>>> On Fri, Aug 24, 2007 at 5:47 PM, in message
<Pine(dot)GSO(dot)4(dot)64(dot)0708241807500(dot)28499(at)westnet(dot)com>, Greg Smith
<gsmith(at)gregsmith(dot)com> wrote:
> On Fri, 24 Aug 2007, Kevin Grittner wrote:
>
>> I would be fine with that if I could configure the back end to always write
> a
>> dirty page to the OS when it is written to shared memory. That would allow
>> Linux and XFS to do their job in a timely manner, and avoid this problem.
>
> You should take a look at the "io storm on checkpoints" thread on the
> pgsql-performance(at)postgresql(dot)org started by Dmitry Potapov on 8/22 if you
> aren't on that list. He was running into the same problem as you (and me
> and lots of other people) and had an interesting resolution based on
> turning the Linux kernel so that it basically stopped caching writes.
I saw it. I think that I'd rather have a write-through cache in PostgreSQL
than give up OS caching entirely. The problem seems to be caused by the
cascade from one cache to the next, so I can easily believe that disabling
the delay on either one solves the problem.

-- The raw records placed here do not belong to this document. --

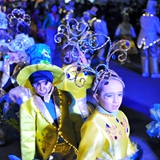 Sfilata della notte colorata. Foto 121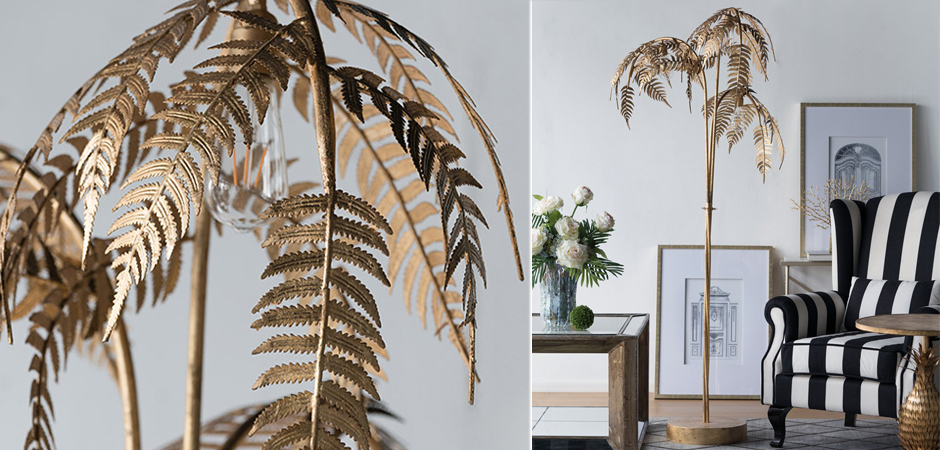 Торшер Thin Palm Floor Lamp Торшер Thin Palm Floor Lamp - Loft-Concept в Волгограде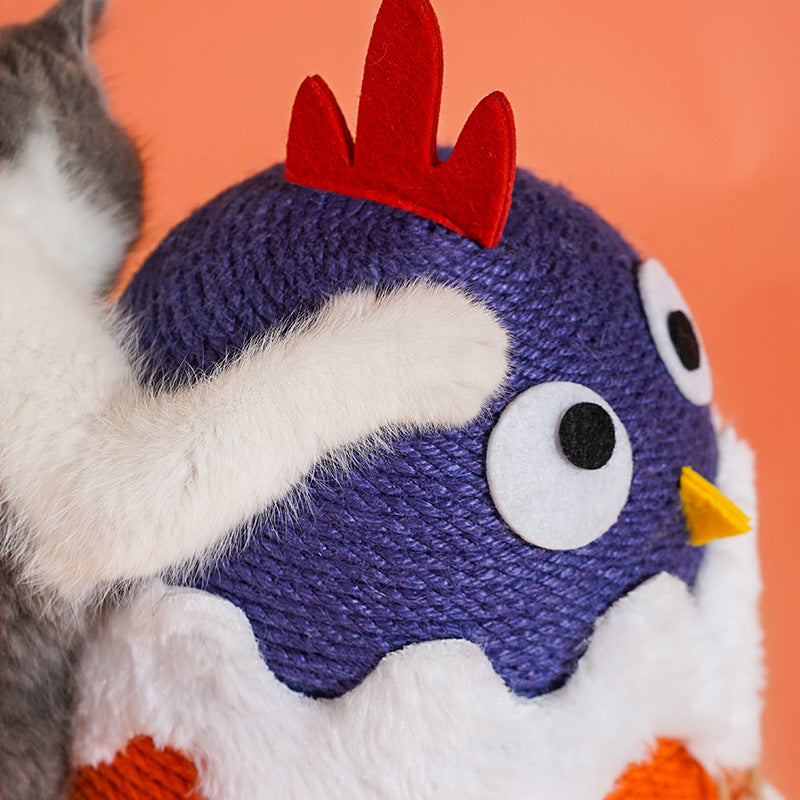 Tumbler Haustier Katzenspielzeug mit Ball – Bild 4 | LuxeStyle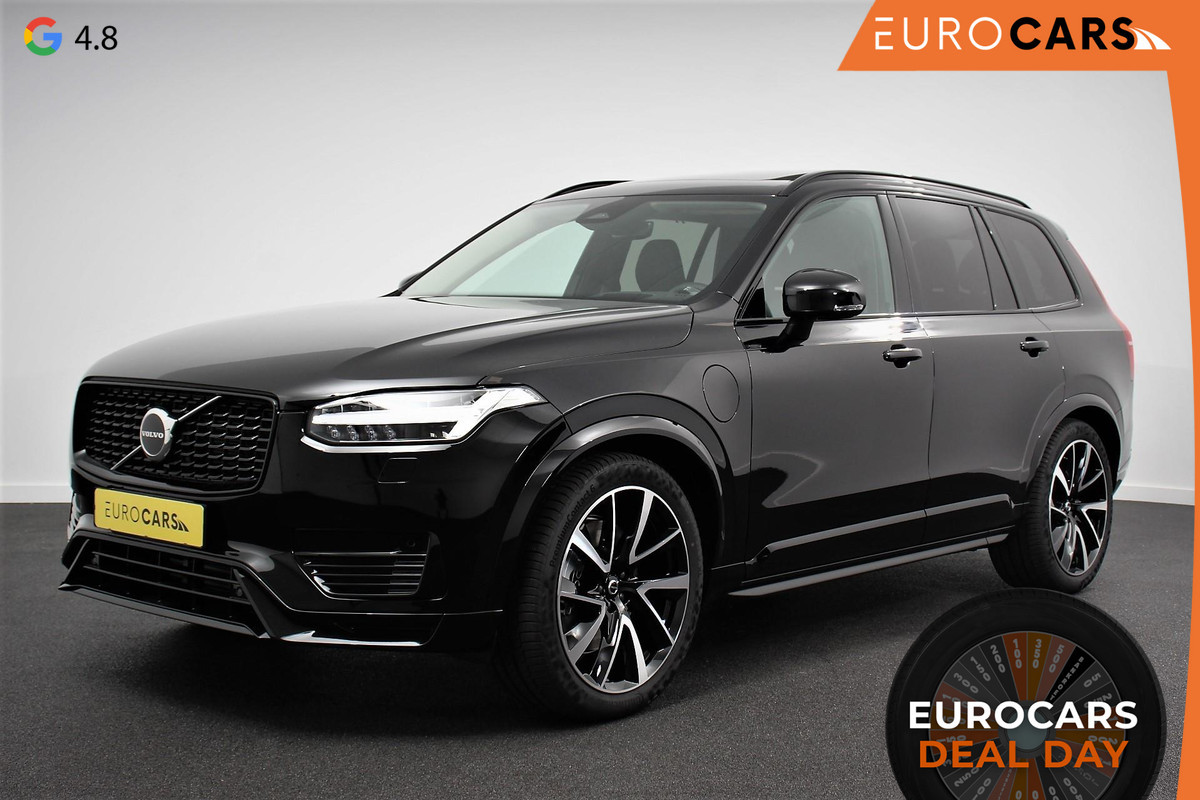Volvo XC90 2.0 T8 455pk Recharge AWD Ultimate Dark | Leder | Panorama-schuifdak | Navigatie | Harman Kardon | Electrisch bedienbare achterklep | Camera Volvo XC90 2.0 T8 455pk Recharge AWD Ultimate Dark | Leder | Panorama-schuifdak | Navigatie | Harman Kardon | Electrisch bedienbare achterklep | Camera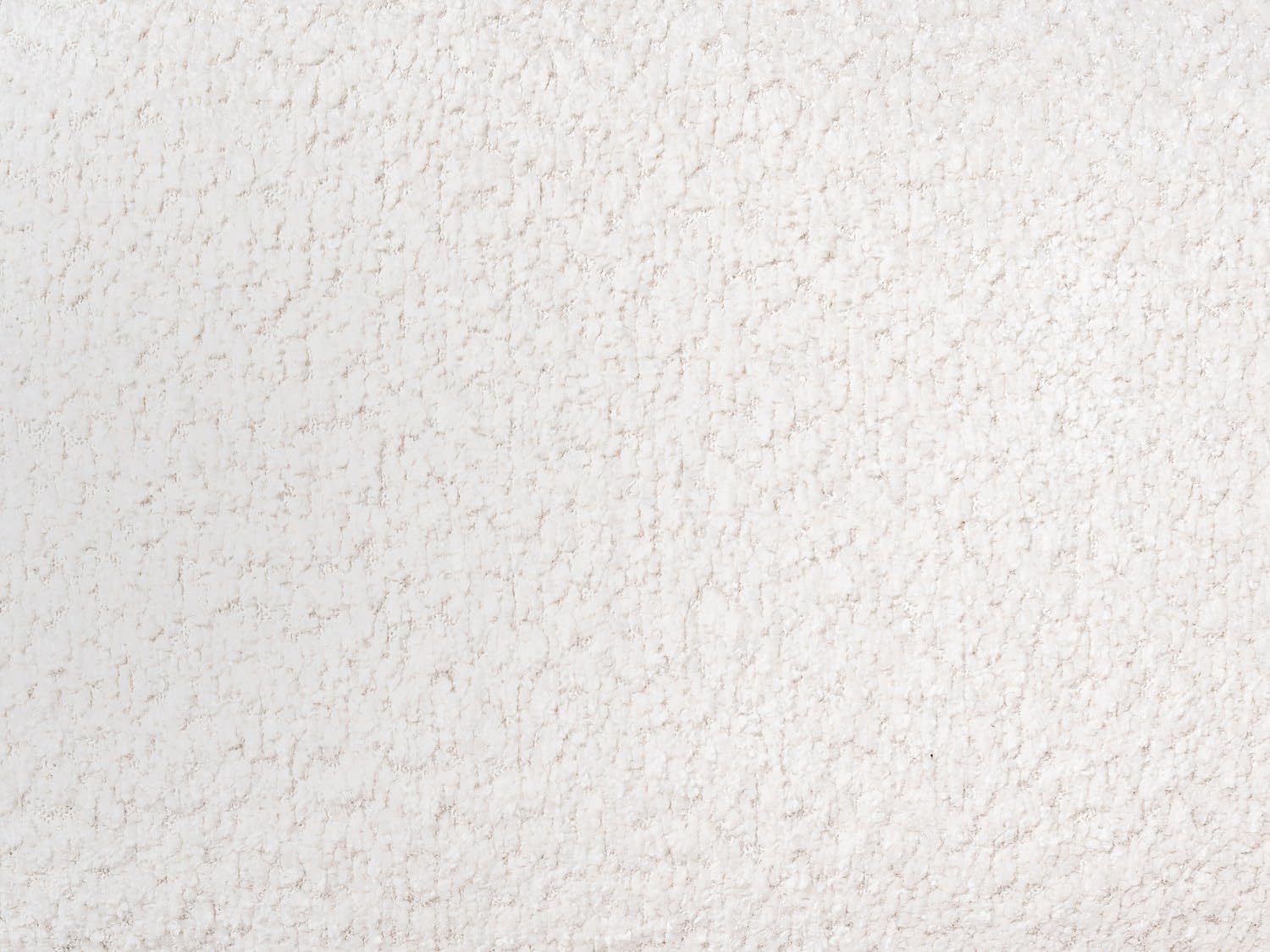 Vente-unique - Ecksofa - Ecke Links - Bouclé-Stoff - Weiß - POGNI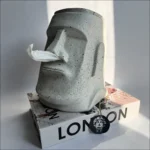 جا دستمال کاغذی موآی Moai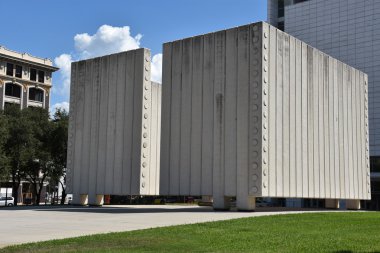 John Fitzgerald Kennedy Memorial Dallas, Texas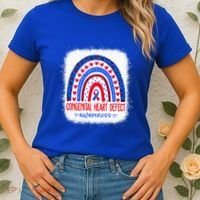 Chd Congenital Heart Defect Awareness Month Women's T-Shirt thumb 2
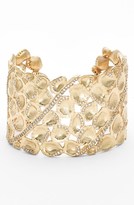 Thumbnail for your product : Melinda Maria 'Julian' Wide Cuff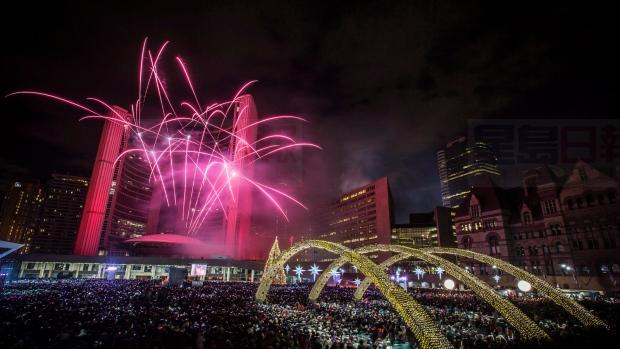 新年夜Nathan Phillips廣場慶典 這些道路要關閉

> What you suggest here would be particularly inefficient because of how
> much extra I/O would happen on the index blocks involved in the active
> tables.
I've certainly seen that assertion on these lists often. I don't think I've
yet seen any evidence that it's true. When I made the background writer
more aggressive, there was no discernible increase in disk writes at the OS
level (much less from controller cache to the drives). This may not be true
with some of the benchmark software, but in our environment there tends to
be a lot of activity on a singe court case, and then they're done with it.
(I spent some time looking at this to tune our heuristics for generating
messages on our interfaces to business partners.)

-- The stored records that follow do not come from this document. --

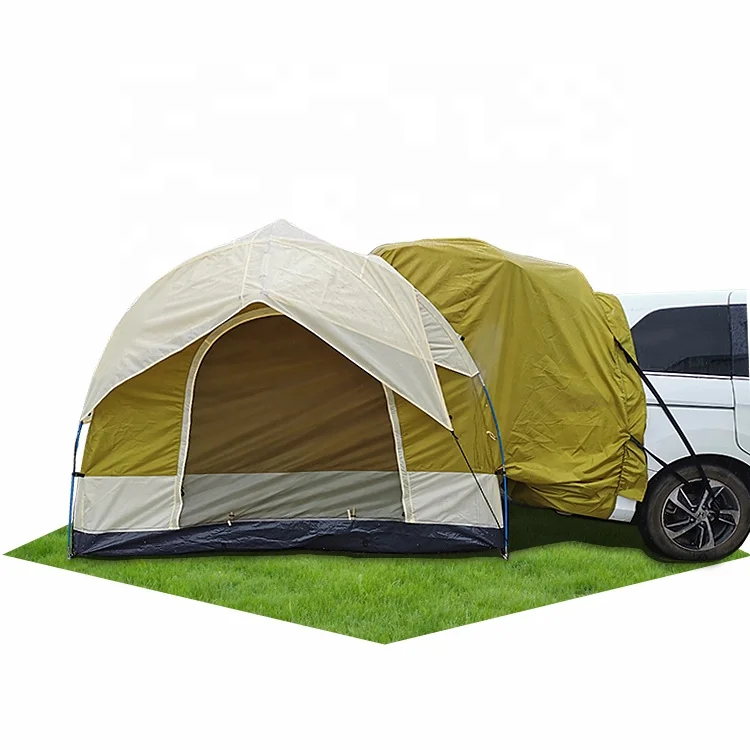 For Waterproof folding easy-to-fit Suv car rear tent can be customized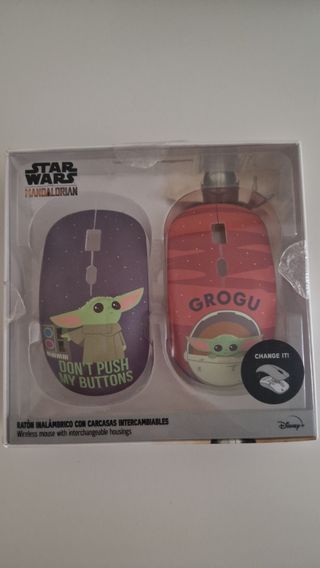 Carcasas ratón inalámbrico Star Wars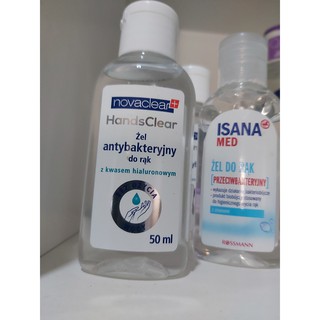 Gel rửa tay khô Novaclear 50 ML _ hàng Thụy Sỹ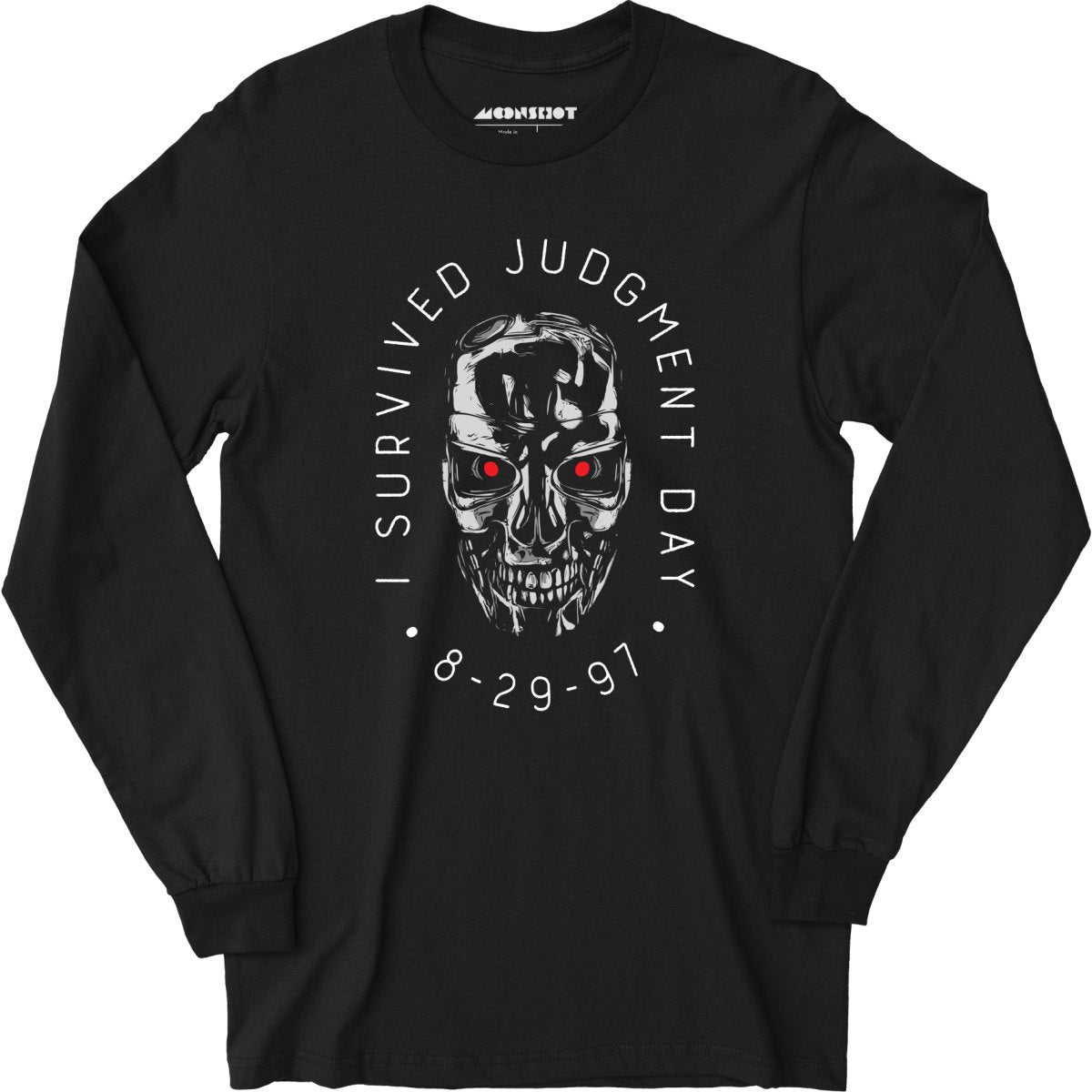 I Survived Judgment Day - Long Sleeve T-Shirt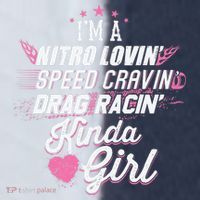 Cute Drag Racing Girl Nitro Lovin Speed Cravin Sport-Tek Competitor United Soccer Jersey thumb 4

>> I know we're doing more in 8.3 to move this from the OS's realm into
>> PostgreSQL code, but until I have a chance to test that, I want to make sure
>> that what has been proven to work for us is not broken.
>
> The background writer code that's in 8.2 can be configured as a big
> sledgehammer that happens to help in this area while doing large amounts
> of collateral damage via writing things prematurely.
Again -- to the OS cache, where it sits and accumulates other changes until
the page settles.
> I would be extremely surprised to find that the code that's already in 8.3
> isn't a big improvement over what you're doing now based on how much it
> has helped others running into this issue.
I'm certainly hoping that it will be. I'm not moving to it for production
until I've established that as a fact, however.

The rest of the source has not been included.